(PROVIDED DATA begins)
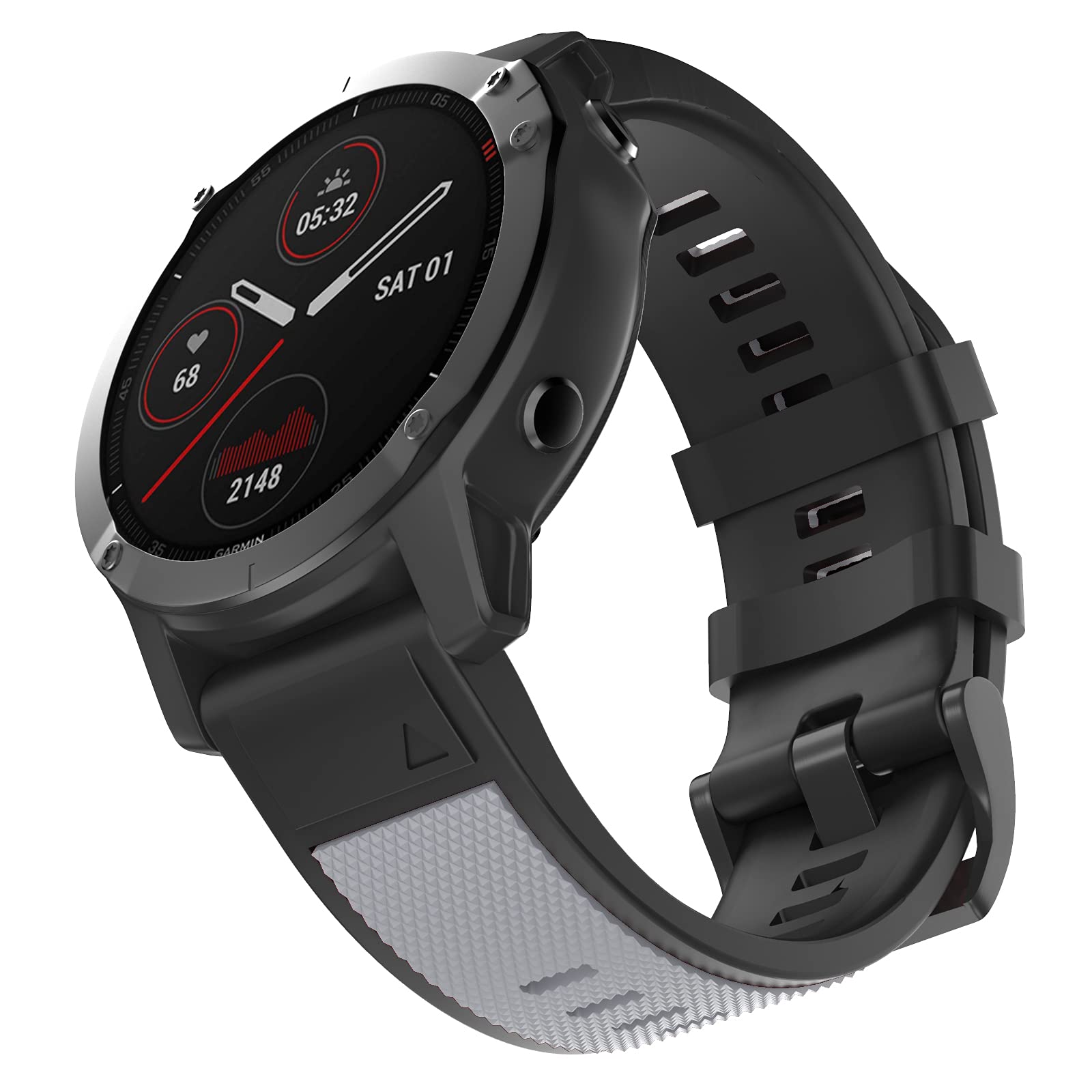OVERSTEP Compatible with Fenix 5 Watch Band for Fenix 5 Plus/Fenix 6/Fenix 6 Pro/Fenix 7/Forerunner 935/Forerunner 945/Approach S60/Quatix 5, Grey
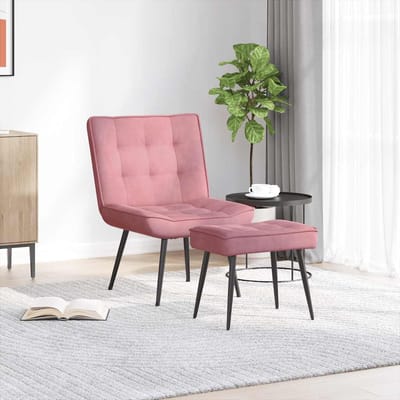 vidaXL - Relaxstoel - met - voetenbank - fluweel - roze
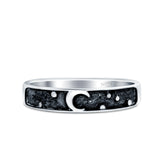 Moon & Stars Band Oxidized Solid 925 Sterling Silver Thumb Ring (4mm)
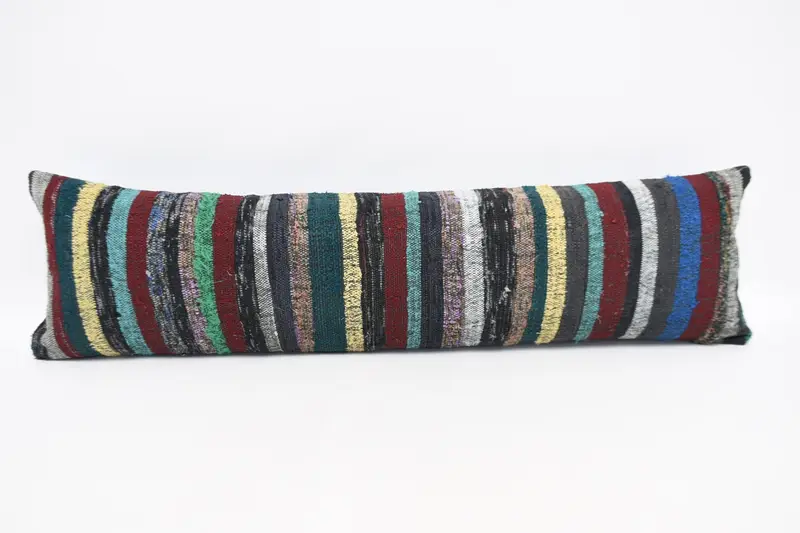 Blau-grün gestreiftes Wurfkissen, handgefertigtes Hanf- und Wollkissen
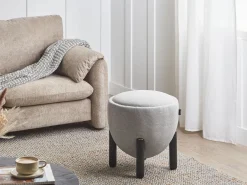 Pouf ARCHIE Lino sintetico Grigio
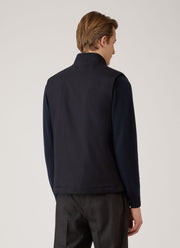 Men's Wool Cashmere Flannel Gilet in Navy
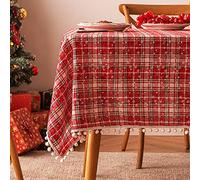 JinweiS Christmas Plaid Tablecloth Rectangle Table Cover for Farmhouse Christmas Party Decoration-Red and White Well Grid Small Snowball-Size C:55 * 55inch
(PROVIDED DATA ends)
# [WHAT TO PRODUCE]
Once you reach the line containing "vidaXL - Relaxstoel", print it and every line after it exactly, through the end of the entries, without any pictures.

# [SOLUTION FOR THIS TASK]
 vidaXL - Relaxstoel - met - voetenbank - fluweel - roze
 Moon & Stars Band Oxidized Solid 925 Sterling Silver Thumb Ring (4mm)
 Blau-grün gestreiftes Wurfkissen, handgefertigtes Hanf- und Wollkissen
 Pouf ARCHIE Lino sintetico Grigio
 Men's Wool Cashmere Flannel Gilet in Navy
 JinweiS Christmas Plaid Tablecloth Rectangle Table Cover for Farmhouse Christmas Party Decoration-Red and White Well Grid Small Snowball-Size C:55 * 55inch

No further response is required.